The coastal drive was again breathtaking, with a winding road taking us up and over forest covered hillsides. On arriving at the beach, we were pleased to see that it wasn´t too crowded as Paul from the motel had told us that it could get quite busy at times. This event only occurs two hours either side of low tide. So, we ambled across the sand to where numerous people had already started to congregate and who were already shoveling away like possessed gold diggers. As the holes were being dug so close to the slowly retreating shoreline it seemed that every hole was soon being filled up with water with each ebb of the returning tide. Dani held fast to his preferred spot, and waited for the tide to go down further. During this time, the possessed gold diggers kept on with their shoveling, slowly but surely starting to produce their holes, waiting to see if they could feel the hot water rising from beneath. It was hard work for all of those digging as any progress made depth wise, was soon filled in with the retreating ocean. Strategies were put into place with sand ´walls´being built around the slowly appearing holes, to stop this from happening. Eventually, the early arriving gold diggers hit jackpot with water appearing into their small craters from below, hot enough to burn the bottoms eager to be submerged into them….so it was a case of knocking down some of the sand wall to let in some cold ocean water ;-)

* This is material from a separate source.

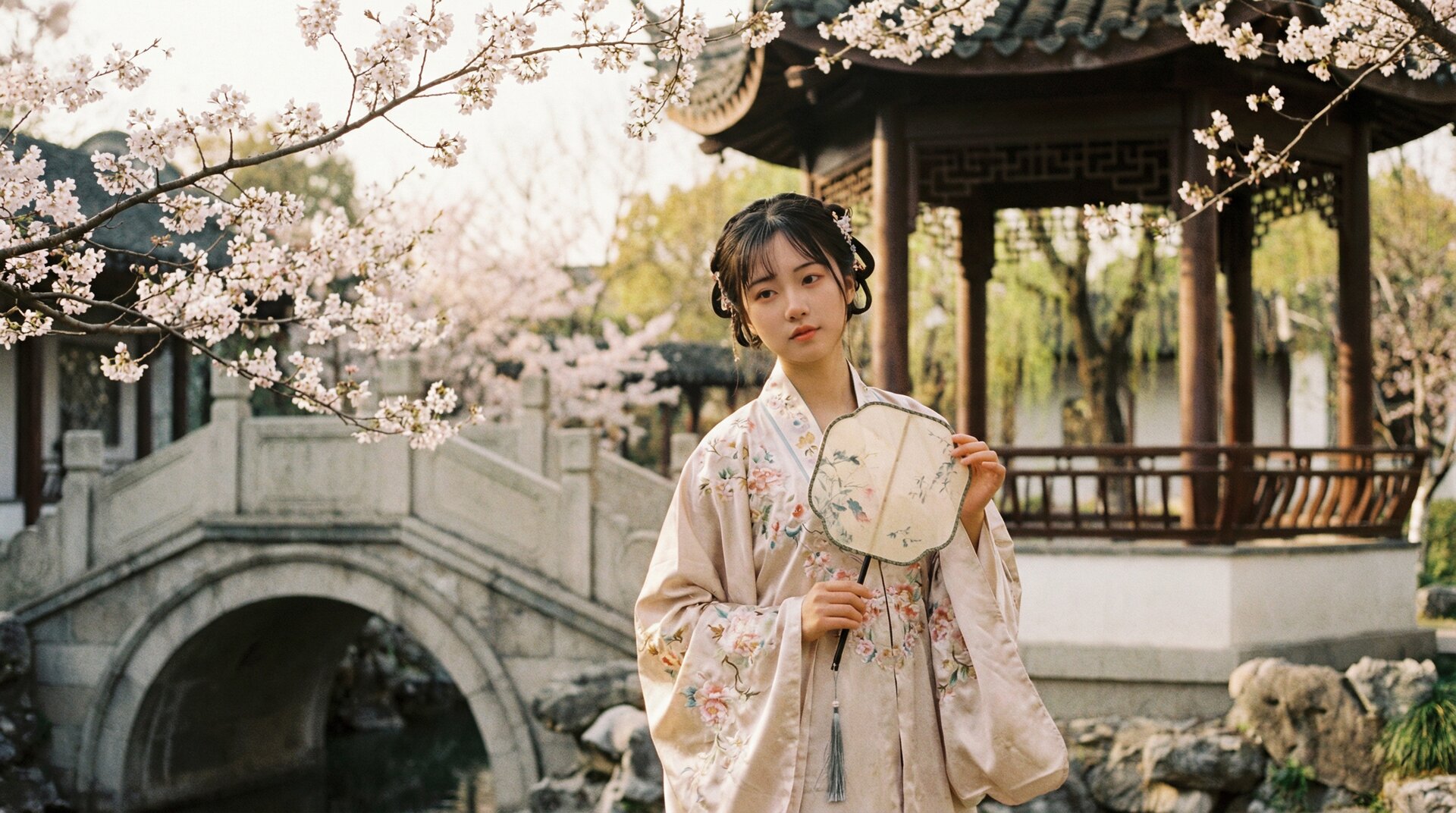 国产自拍古风视频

It was amusing to watch as each couple or group of friends who arrived at the start of this digging frenzy managed to repeat the same actions as those before. Standing still in the sand and doing ´the twist´to slowly submerge their feet into it to see if they could feel any difference in the temperature a few centimeters below. Women tended to start this first, but once their partners or friends saw the method in the madness, they were soon all participating in ´the twist´. I am not sure if anyone else noticed but it made me smile as everyone seemed to do it! The second thing new arrivals were tending to do was to notice holes that had been dug and left abandoned with an ankle deep amount of water at the bottom. Toes were gingerly stuck into the water just to see how hot the water was, only to realize that these abandoned holes had been left due to the fact that there was no hot water running underneath in that spot….several mutterings of ´can you feel anything?´took place before they moved off.

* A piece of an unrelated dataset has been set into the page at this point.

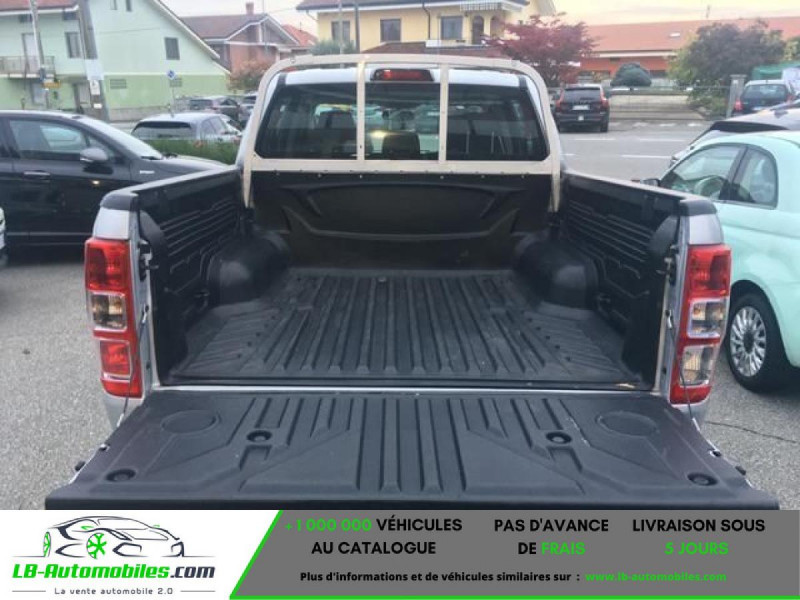 Ford Ranger 2.2 TDCi 160 BVM DOUBLE CABINE  occasion � Beaupuy - photo n�7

Groups guarded their dug holes like proud birds in their nests whilst others (the vultures) hung around on the sidelines waiting for them to leave so that they could pinch the pre-dug hole :-) So comical to watch…. Dani too dug like a man possessed for almost an hour, an ongoing battle with the tide seeming to hinder any real progress made, even my attempt at taking over for a while produced no hot water in our hole either :-( Mind you, eventually, there must have been about four large ones dug, housing a multitude of different ages and nationalities all keen to burn their bottoms just to say that they had done it :-D

From here, we carried on up the coast to Cathedral Cove, which had been described in our guide book as ´the real jewel in the regions crown, indeed perhaps for the whole peninsular´ so we felt it was a must see sight. The view from the carpark was extremely impressive with sweeping views across the Bay of Plenty, with a coastline meandering off into the distance, topped with trees and native bush, fronted by white sand coloured cliff faces and turquoise ocean bays. We began the 45 minute coastal walk slowly walking up and over the gentle hillsides. We made a stop en-route at Stingray Bay, a small sheltered cove, before continuing onwards to Cathedral Cove. Wooden steps took us down to the beach below, where only a few people sat on the sand or wandered around taking photos. The view was absolutely out of this world. Having never been to Thailand or Bali, the scene could only be described as what I imagine these places to look like. Crystal clear water, pale white sand, pine forest covered hillsides behind you, individual islands scattered throughout the ocean ahead of you and a natural rock arch connecting the two small beaches here, both of which contain natural sandstone pinnacles……breathtaking.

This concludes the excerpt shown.